Extreme value statistics of eigenvalues of Gaussian random matrices

We compute exact asymptotic results for the probability of the occurrence of large deviations of the largest (smallest) eigenvalue of random matrices belonging to the Gaussian orthogonal, unitary, and symplectic ensembles. In particular, we show that the probability that all the eigenvalues of an (NxN) random matrix are positive (negative) decreases for large N as similar to exp [-beta theta(0)N-2] where the Dyson index beta characterizes the ensemble and the exponent theta(0)=(ln 3)/4=0.274653... is universal.

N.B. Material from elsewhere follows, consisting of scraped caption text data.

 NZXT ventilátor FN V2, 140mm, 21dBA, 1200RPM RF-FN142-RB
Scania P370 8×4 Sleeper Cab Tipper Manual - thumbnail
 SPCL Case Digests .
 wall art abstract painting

We compute the probability that the eigenvalues lie in the interval [zeta(1),zeta(2)] which allows us to calculate the joint probability distribution of the minimum and the maximum eigenvalue. As a by-product, we also obtain exactly the average density of states in Gaussian ensembles whose eigenvalues are restricted to lie in the interval [zeta(1),zeta(2)], thus generalizing the celebrated Wigner semi-circle law to these restricted ensembles. It is found that the density of states generically exhibits an inverse square-root singularity at the location of the barriers. These results are confirmed by numerical simulations. Some of the results presented in detail here were announced in a previous paper [D. S. Dean and S. N. Majumdar, Phys. Rev. Lett. 97, 160201 (2006)].